WHAT IS EXPECTED
Starting with the line that has "Star Trek: Lower" in the records below and ending with the line that has "Staatsbetrieb Geobasisinformation und", output those lines exactly and nothing more; omit the pictures.

PROVIDED MATERIAL
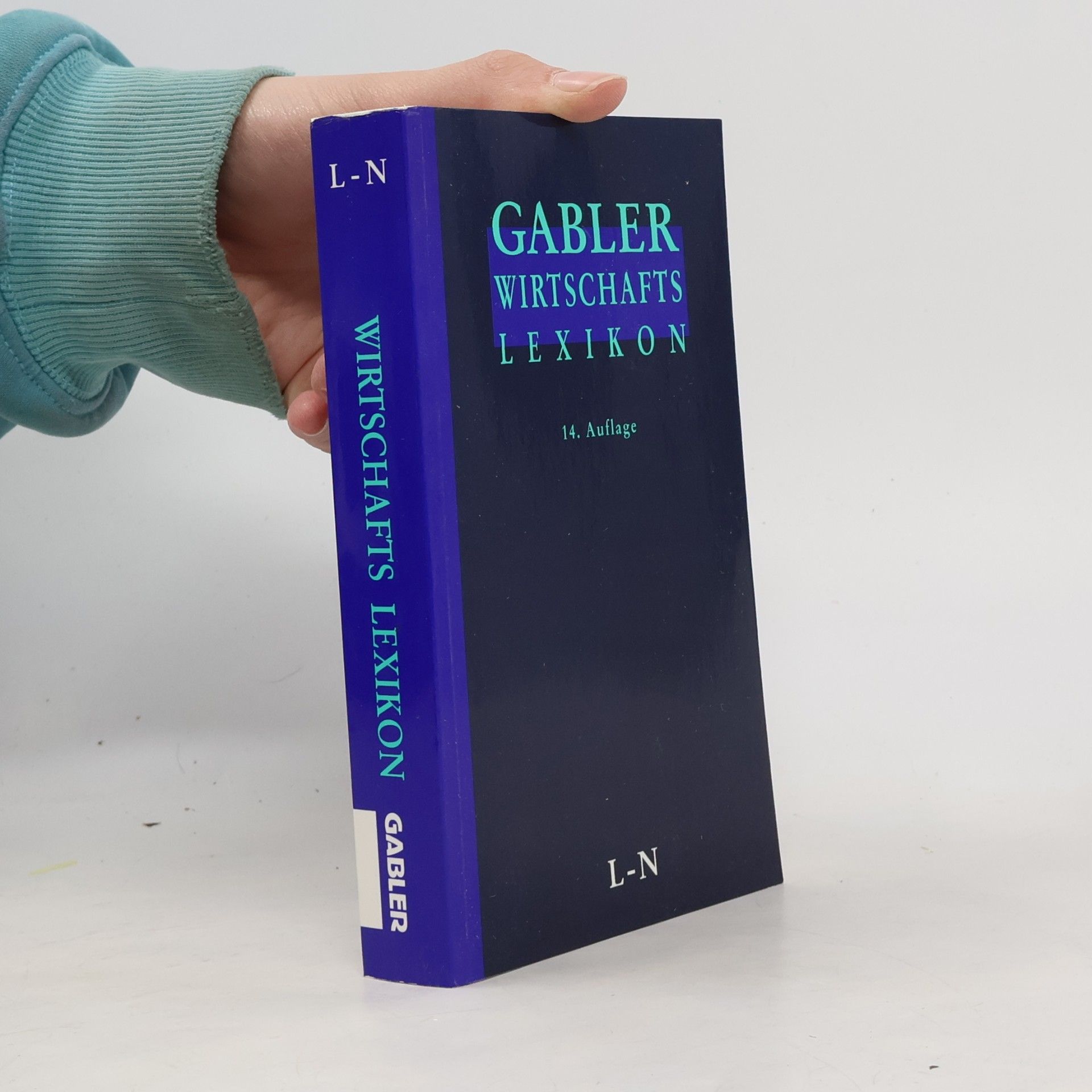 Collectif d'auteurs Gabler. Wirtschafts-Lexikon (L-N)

* * *

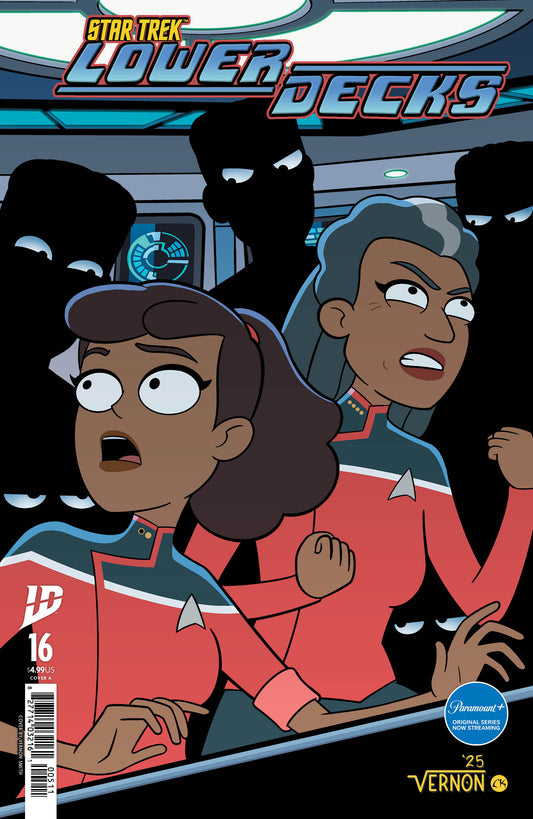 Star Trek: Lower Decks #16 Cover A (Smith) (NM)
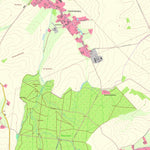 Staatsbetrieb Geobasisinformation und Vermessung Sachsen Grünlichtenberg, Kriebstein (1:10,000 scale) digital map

* * *

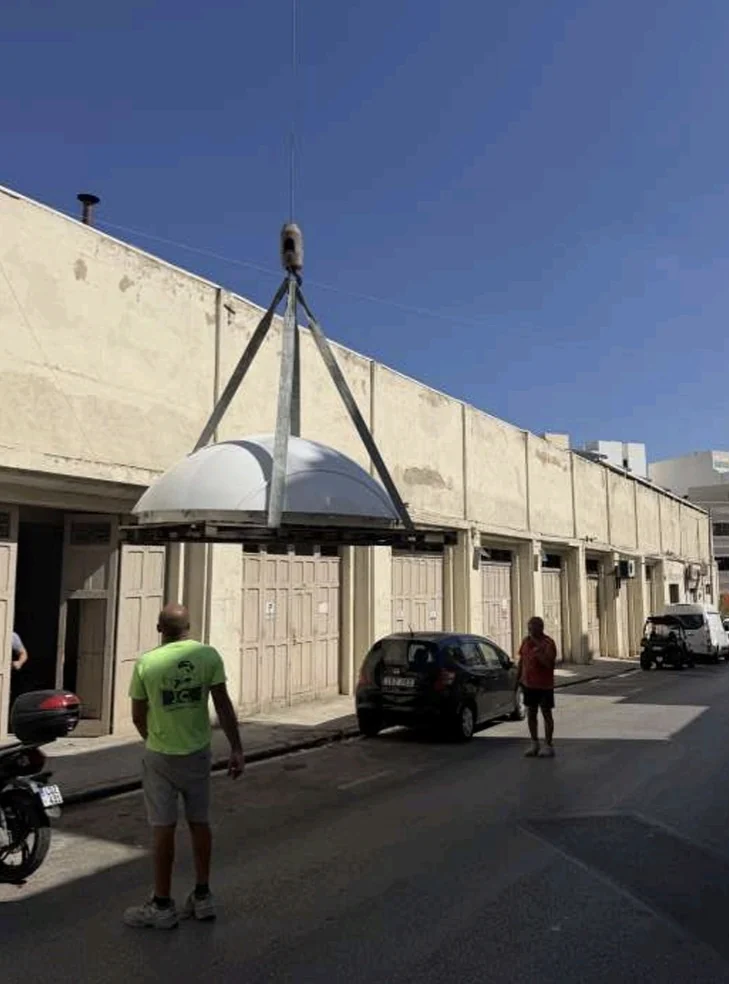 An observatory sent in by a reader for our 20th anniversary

WRITTEN ANSWER
 Star Trek: Lower Decks #16 Cover A (Smith) (NM)
 Staatsbetrieb Geobasisinformation und Vermessung Sachsen Grünlichtenberg, Kriebstein (1:10,000 scale) digital map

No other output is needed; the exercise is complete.